Gebze’nin tarihi ve kültür varlıkları gerçekten yeterince tanıtılmadığından ötürü bilinmiyor. Bırakın başkalarını Gebze’de yaşayan birçok kişi kentin geçmişinin önemli izleri olan tarihi yapıları, mekânları bilmez. Hatta öyle ki her gün yanından geçip gittikleri Çoban Mustafa Paşa Külliyesi hakkında doğru düzgün bilgileri yoktur.
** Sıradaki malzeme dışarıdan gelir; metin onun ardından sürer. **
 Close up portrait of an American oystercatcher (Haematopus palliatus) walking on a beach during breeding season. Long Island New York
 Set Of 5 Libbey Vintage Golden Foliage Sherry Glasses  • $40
Oysa Çoban Mustafa Paşa Külliyesi 499 yıllık geçmişiyle Gebze adına çok önemli tarihi eserdir.
Osmanlı döneminde menzil kasabalarının en önemlilerinden olan Gebze’de Çoban Mustafa Paşa tarafından 1523'te yaptırılan külliyenin bilindiği gibi önemli parçalarından birisi kervansaraydır.
Eskiçarşı içinde kalan tarihi kervansaray zamanında yolcuların ve binek hayvanlarının dinlenip konakladığı mekandı. Ne var ki zaman içinde işlevini yitirdi, sonra ki yıllarda ise bir takım kişiler tarafından ele geçirildi. Yakın zamanda ise bir takım uyanıklar kervansarayı önce amacı dışında kullanmaya ardından ise çevresine bina yapmaya başladılar. Tabi dört tarafına yapılan beton binaların tam ortasında kalan kervansaray yıllarca kaderiyle baş başa kaldı.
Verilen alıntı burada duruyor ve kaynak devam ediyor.